RE:RE:RE:Interesting development......i wondermrmomo wrote: No need for apologies Mr. gonatgasgo, it's understandable as a s/h you're trying to get to the bottom of this and trying to understand what's going on here. And i'll try to help if can, even if i'm not a s/h myself. That's the purpose of these forums......
From what i can gather, Crew doesn't have the cash to pay off this debt, even a good portion of it, as i've previoulsy stated. Imho, this is more of a shell game & moving the debt elsewhere. It's possible they "might" even reduce that debt somewhat. But by how much is still up in the air. For me, if i was an actual s/h, i would actually be more concerned with WHAT factor led to all this, or why all of sudden they made this akward decision. They might have their reasons, and they "might" be valid, but we just don't know WHY really.....
But if i were to guess, it COULD have some thing to do with the fine print below, regarding their credit facility.

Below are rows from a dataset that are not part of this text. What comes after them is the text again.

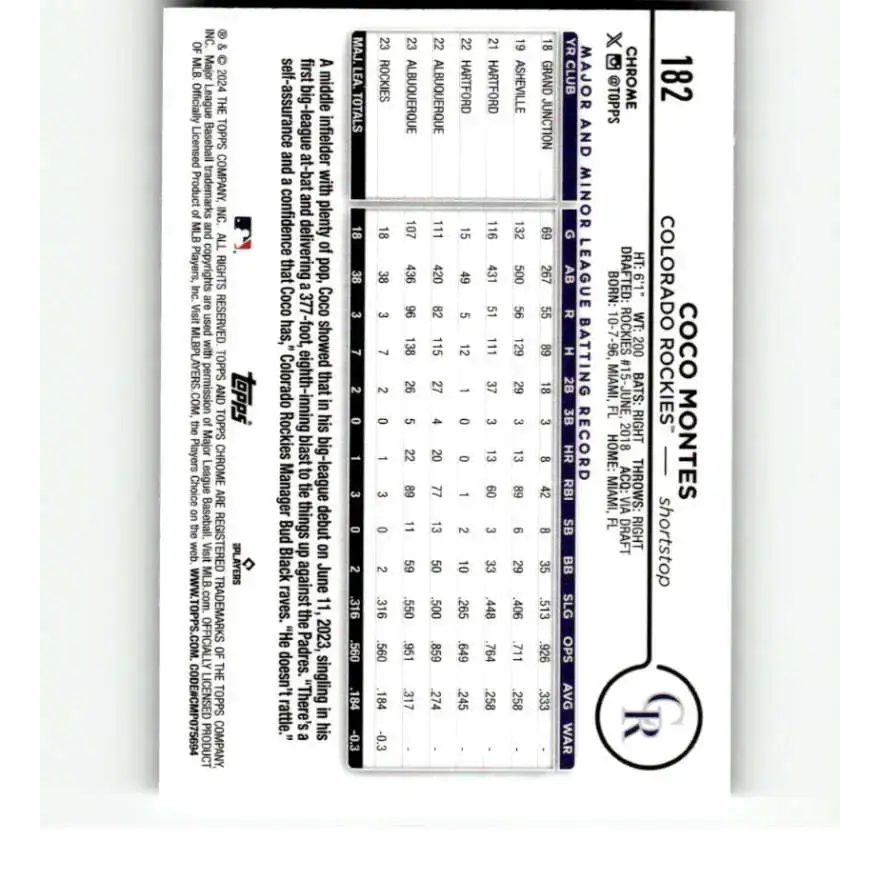 2024 Topps Chrome X-Fractor #182 Coco Montes NM-MT RC Rookie Colorado Rockies Baseball Card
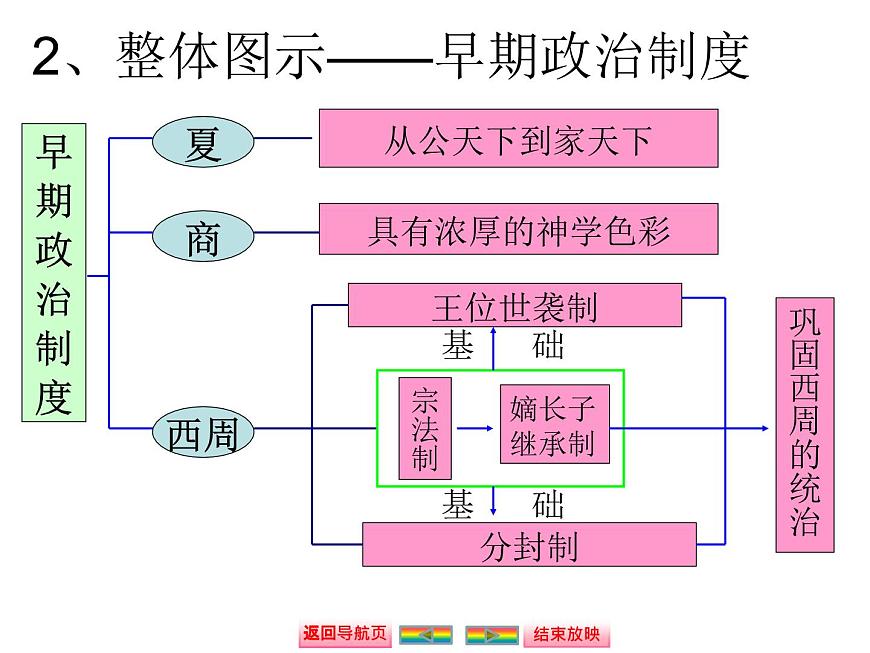 人教版 (新课标)高中历史必修1 1-1《夏、商、西周的政治制度》课件第3页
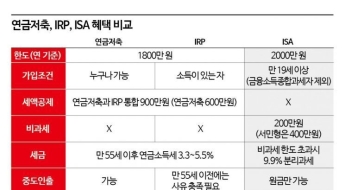 [실전재테크]연금저축·IRP 아직도 헷갈리나요?…'600·300' 기억하고 148만원 돌려받으세요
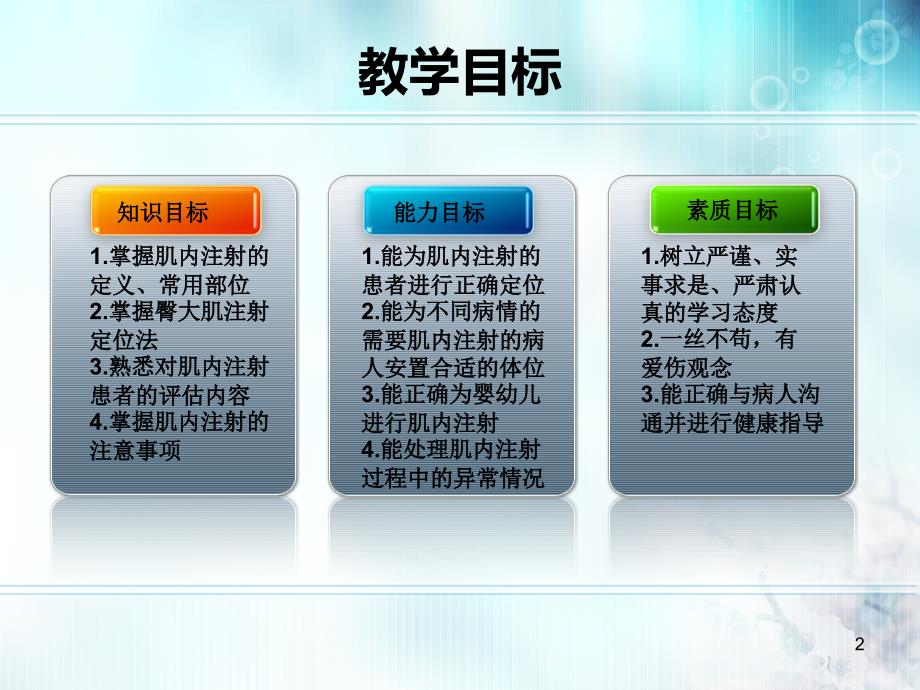 微课比赛肌内注射法ppt课件_第2页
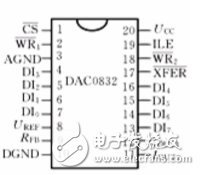 DAC0832輸出轉(zhuǎn)電壓的運(yùn)放電路圖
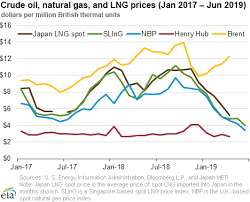 U S Energy Information Administration Eia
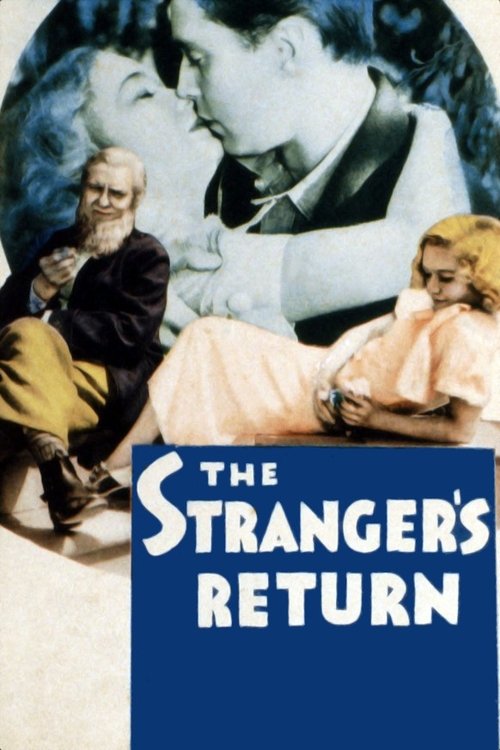 Póster de The Stranger's Return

As at December 31, 2022, the Company’s bank facility consists of a revolving line of credit of $170 million and an operating line of credit of $30 million (the "Facility"). The Facility revolves for a 364 day period and will be subject to its next 364 day extension by June 2, 2023. If not extended, the Facility will cease to revolve, the margins thereunder will increase by 0.50 percent and all outstanding advances thereunder will become repayable in one year from the extension date. The available lending limits of the Facility (the “Borrowing Base”) are reviewed semi-annually and are based on the bank syndicate’s interpretation of the Company’s reserves and future commodity prices. The Facility provides the ability to repay up to $125 million, reduced by any outstanding drawings on the Facility, of the Company’s outstanding senior unsecured notes by drawing on the Facility prior to May 1, 2023. If the Company elects to repay any of the unsecured notes by drawing from the Facility, the Company will be required to meet a pro-forma secured Debt to EBITDA ratio at the time of draw of less than 1.2:1.0, must maintain a minimum of $65 million of unused borrowing capacity after the draw and until the completion of the Facility’s next review on or before May 15, 2023 and comply with other conditions which have been met. As the Borrowing Base of the Facility is based on the Company's reserves and future commodity prices and costs, there can be noassurance that the amount of the available Facility will not be adjusted at the next scheduled Borrowing Base review on or before May 15, 2023. The Facility is secured by a floating charge debenture and a general securities agreement on all the
assets of the Company.
Doesn't the excerpt say that the maximum that can be put on the credit facility to pay off the bonds is $125 million. So the rest of the redemption must be paid by cash.